A story you will tell if you love it. I am convinced that you will only be an ardent evangelist if you truly value how God reached out to you to save you. This is the starting point – when we are convinced of the value of what we know, we will tell others about it. When we are overwhelmed with the thought that God – the infinite Almighty God – would come to save us, our hearts cannot contain the thought to itself. It cannot be held back. Don’t we love telling others about the best deals, the good restaurants, what’s popular, our favourite food? Why? Simply because it is something that we appreciate very much and want others to enjoy it as well. We must be honest with the condition of our own hearts. Let me be blunt to also say that if we do not tell those that we come across our lives in God’s providential arrangement, it is because we do not love the story of “unseen things above, of Jesus and His glory, of Jesus and His love”. God intends to use His people to have the privilege to witness of the story that changed them personally. It is our privilege, and we must see it as such. May we repent if our hearts are not as it should be.

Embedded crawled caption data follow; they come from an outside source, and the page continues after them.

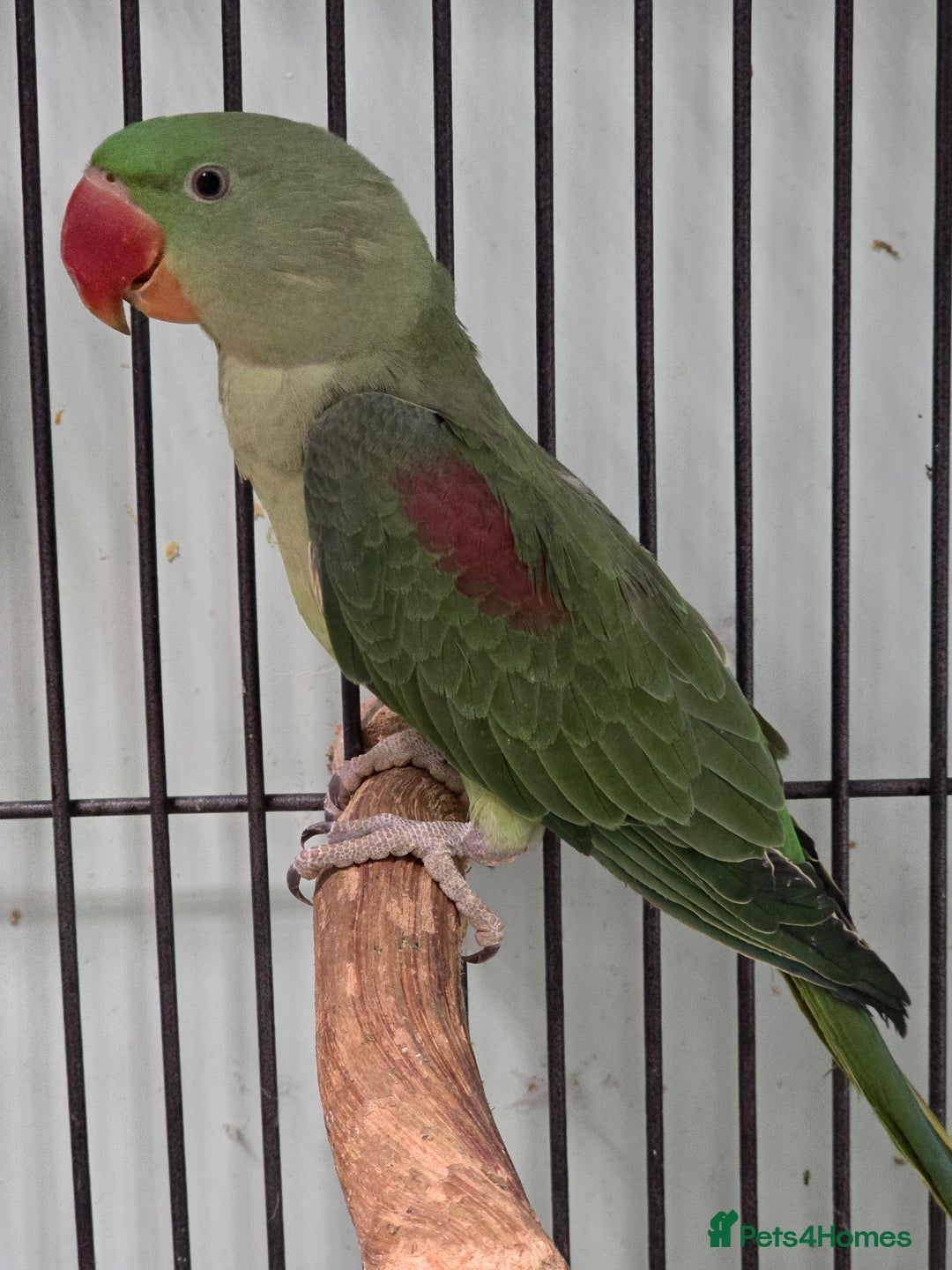 Parakeets birds for sale: Mixed birds, Alexandrines, Conures, Derbyan, etc!! - Image 13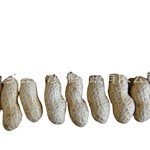 长期供应花生果，生花生果  海花 白沙 价格优惠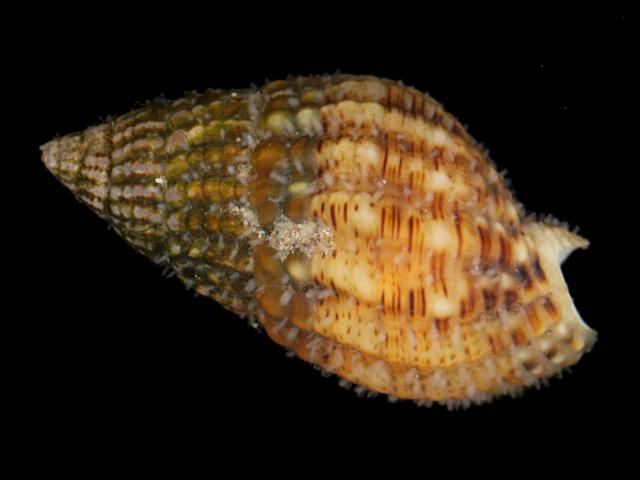 Podocoryna carnea Smoothspined snailfur Hydractiniidae hydroid Hydrozoa Images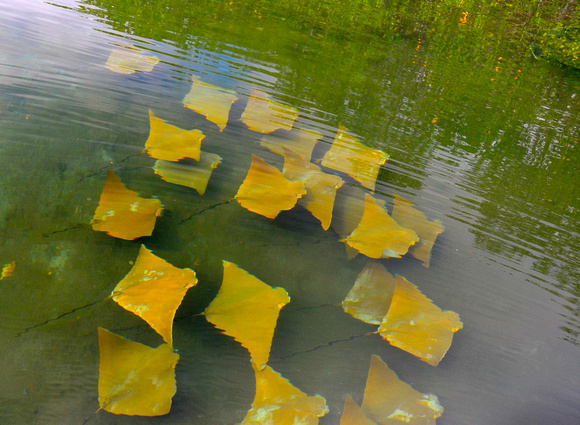 Golden-cow nosed Rays swim together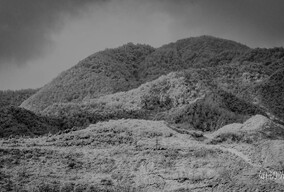 与雪有关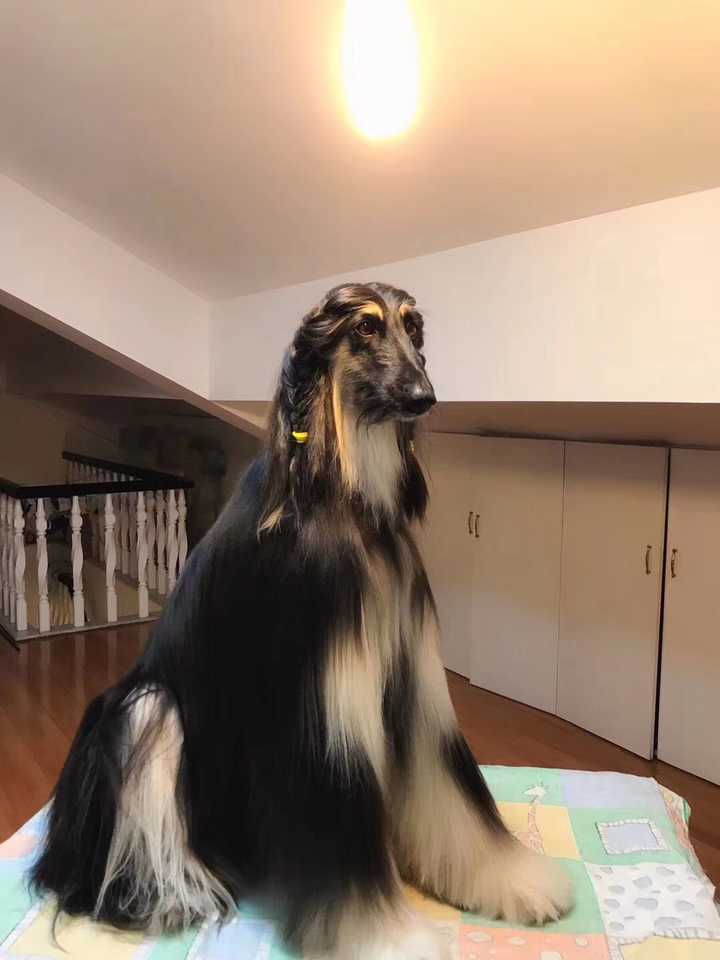 阿富汗猎犬,其实还好,想养可以养. 看有人答这个随便答一下.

You may sing “I Love to Tell the Story”, but do you really love to tell the story? Have you told others about it? I am not asking if you have served in some way at the outreach activities that the church organises (which is good), but if you have spoken to anyone in the past months about this story that transformed your life. You don’t have to tell everyone that you have reached out to someone, but about whether you really have a heart for the lost and perishing out there. If so, though no one knows and asks you to do so, you will make every effort to reach out to those around you with the truth. It should be so for every Christian, not just for the young, but for the adults and the elderly as well. It was because someone loved this story of salvation that you were told about it and were saved. Won’t you tell someone of this story that will never get outdated? The story that only the redeemed will tell with joy. It is about your love for your Lord and Saviour. It is your Christian duty as a disciple. Will you seek out the lost, even if they are not your kin? That is the judge of your love for the story.
Lu 8:5 A sower went out to sow his seed . . . Lu 8:8 And other fell on good ground, and sprang up, and bare fruit an hundredfold. And when he had said these things, he cried, He that hath ears to hear, let him hear.